- From: Martin J. Duerst <duerst@w3.org>
- Date: Mon, 27 Dec 1999 12:30:03 +0900
- To: www-xml-linking-comments@w3.org
Dear Linking WG,
These are the last call comments regarding Internationalization (i18n)
from the I18N WG/IG.
I'm sending these comments directly to the public list indicated
for comments, but in case there are any topics that need further
discussion, please use crossposting between the relevant group
lists, without coping this list.
Character Sets and Escaping (2.2)
---------------------------
This is very important for i18n, and as far as we understand from the
text and from previous discussions, our groups in principle understand
each other and agree on the way to go.
However, the current wording comes with a number of problems and
can and should be improved. This point in particular has been
discussed during the I18N WGs last face-to-face meeting.
Several rounds of discussion may be needed to get to the final shape.
The main problems currently are:
- Title: Change 'character sets' to 'character encodings'.
- Substructure: There should be subsections to organize the topic further.
- Lack of details: People familliar with the referenced specifications,
and people checking those throughly, will figure things out. However,
these are usually in the minority, and in this particular case, it's
very easy for implementers to think that they are not really concerned.
Giving details, e.g. on which characters in the ASCII range have to
be escaped,..., is very important to try to assure stable implementations.
In particular, there should be lists of the various relevant URI character
categories (reserved, marks, delims, unwise,...) and how to treat
them.
- Lack of examples: The distinction/interaction between the various
escaping schemes is complex. From your experience, we know that many
implementers get this wrong in one way or another. Adding a number
of examples seems crucial.
(if the above two items should become too long, moving them to
an appendix may be considered).
- In 2.1, the sentence 'does not represent the general applicability
of escaping' should be made more precise (e.g. 'the formal syntax
in this specification defines the syntax of XPointers before the
application of the various kinds of escaping described in Section
2.2').
- I am not yet completely clear as to whether the ^ escaping mechanism
is needed. It would be great if we could avoid it.
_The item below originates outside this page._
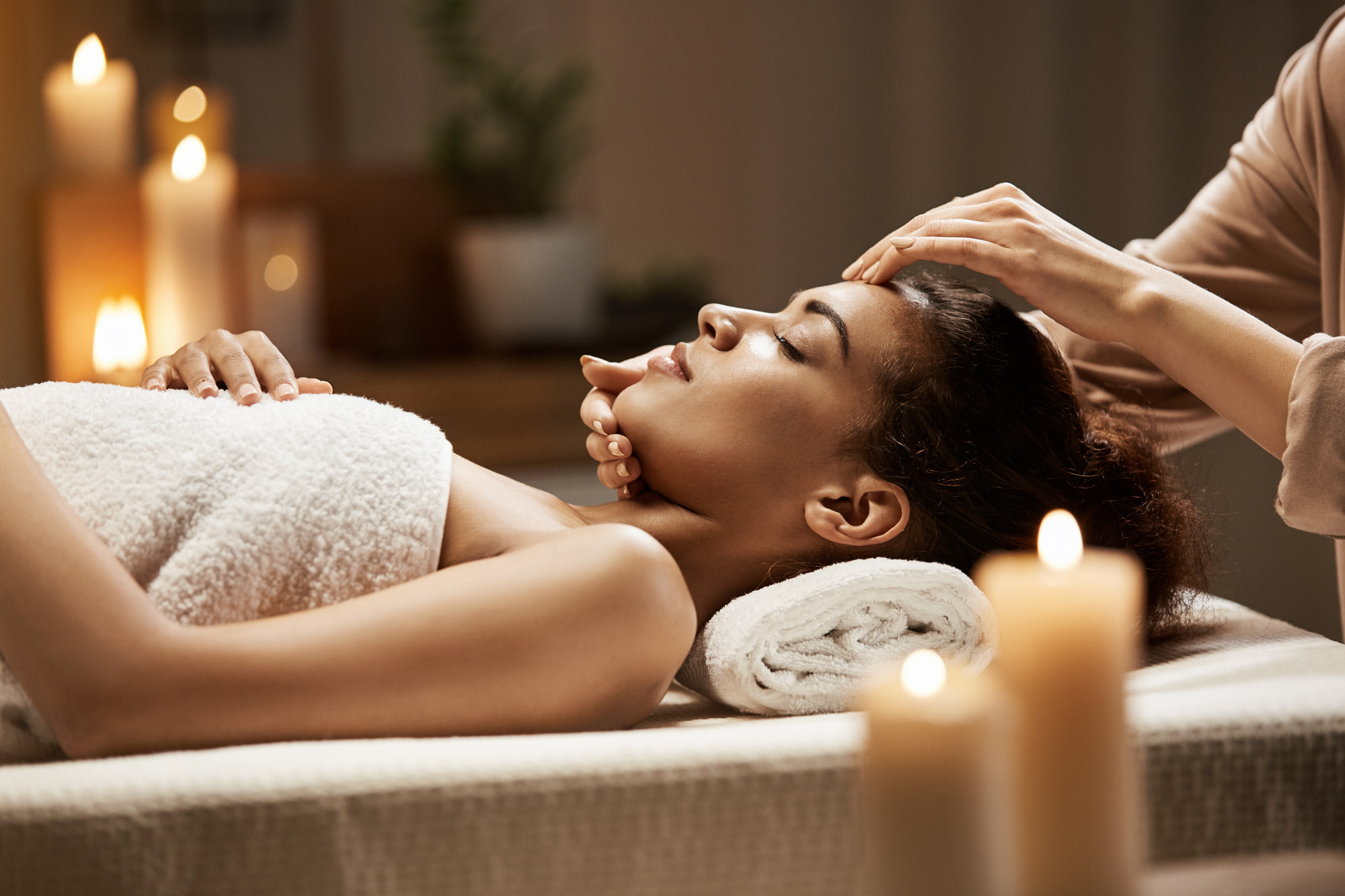 Woman lying on her back having a face massage
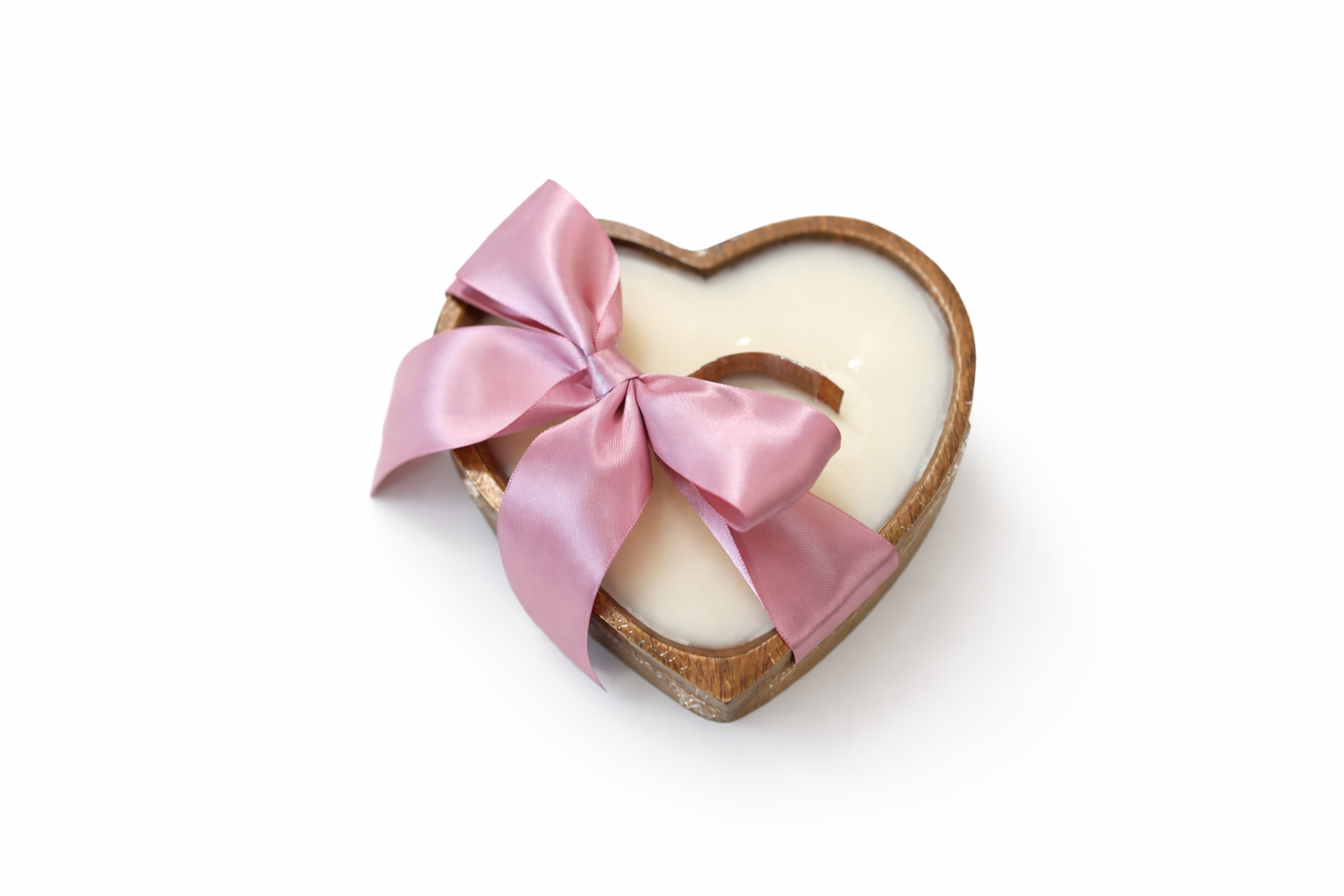 Heart-shaped candle with a pink ribbon on a white background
Let me try to
show that we don't need it:
- XPointer is the part of an URI behind the #.
- The # is the 'most important' character in an URI, i.e. when
an URI is processed, first look for a #.
- The fragment identifier in URI syntax (RFC 2396) allows a wide
range of things, in particular:
fragment = *uric
uric = reserved | unreserved | escaped
reserved = ";" | "/" | "?" | ":" | "@" | "&" | "=" | "+" |
"$" | ","
unreserved = alphanum | mark
mark = "-" | "_" | "." | "!" | "~" | "*" | "'" |
"(" | ")"
escaped = "%" hex hex
- This includes (), for which no escaping is needed.
- This means that %28 (for '(') and %29 (for ')') can be used to
hide unbalanced parentheses from the scheme end detector.
- This means that the ^ escaping mechanism is not needed anymore.
- One escaping mechanism less is a big plus.
The potential problems for the above argument that I currently see are:
- The %28/%29 escapings are used or planned to be used for something else.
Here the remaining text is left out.